No existía la menor duda de que habían conseguido producirle un espantoso pánico, aparte de que le habían pegado salvajemente, pero pensó que en el fondo no eran más que unos jóvenes delincuentes, y esta conducta era propia de esta clase de chicos. Kerry creyó que tenía que explicarles que su conducta era impropia, que no debían haber hecho aquello, pero no tuvo tiempo. En ese instante empezaron a empujarle hacia el centro del círculo. El más alto de ellos, un mocetón que llevaba una capa de cuyo borde pendían colas de castor, se puso frente a Kerry y le dijo con voz sarcástica:
-Encontramos al otro hombre, y le dimos lo que merecía antes de que se escapase.
-Fijaos, el hombre está temblando -dijo otro.
-Tenemos que darle un buen escarmiento -intervino otro de los muchachos-, pues iba camino del pueblo, seguramente a avisar a la policía. 
-Pues si lo hubiera conseguido nos habría proporcionado un gran problema, un buen lío -aseguró un tercero.
-Sí, nos habría creado un gran problema.
-¿Qué hacemos con él?
Kerry empezó a mirar a uno y otro lado, tratando de localizar el origen de aquellas voces. Sólo pudo ver, a la luz de las llamas de la hoguera, unos rostros en los que se reflejaban unas sonrisas burlonas, siniestras.
-¿Qué os parece, chicos, si hiciéramos el sacrificio? -propuso una de las muchachas que bailaba alrededor de la hoguera, en cuyos ojos se reflejaba una expresión salvaje.

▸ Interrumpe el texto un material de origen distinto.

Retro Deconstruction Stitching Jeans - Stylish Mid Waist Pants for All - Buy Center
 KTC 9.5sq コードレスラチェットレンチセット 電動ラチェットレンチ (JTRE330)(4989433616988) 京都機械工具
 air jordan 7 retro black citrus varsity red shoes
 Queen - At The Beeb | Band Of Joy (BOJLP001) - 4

-Sí, sí, el sacrificio; es una buena idea -empezaron todos a gritar a coro.
¿Sacrificio? ¿Hombre? ¿El «hombre negro» del Sabbat?
Kerry empezó a luchar contra estas ideas que le vinieron inmediatamente a la mente. No, no podía creer en eso; no podía admitirlo, sería espantoso. De repente todos empezaron a empujarle en dirección al fuego, y entonces Kerry pudo ver al ennegrecido espantapájaros que había visto al principio.
Cuando al final pudo reconocer al espantapájaros en llamas, ya no lo dudó más; pero era demasiado tarde. Aquellas manos le tenían sujeto, le apretaban, le empujaban hacia las llamas.
Se oyó un grito espantoso, y Kerry hizo un último esfuerzo para no desmayarse. ¡Si al menos pudiese entender lo que estaban gritando! Con ello conseguiría, por fin, conocer la verdad; comprobar la autenticidad de sus teorías. ¿Sabían o no sabían aquerlos jóvenes lo que realmente eran?
Pero no pudo; en aquel instante, Kerry cayó al suelo, se desvaneció mientras las motocicletas giraban alrededor de la hoguera haciendo un ruido infernal.
El rugido de aquellos motores ahogó todas las voces, por lo que Kerry murió sin haber logrado enterarse de lo que decían en sus cánticos rituales.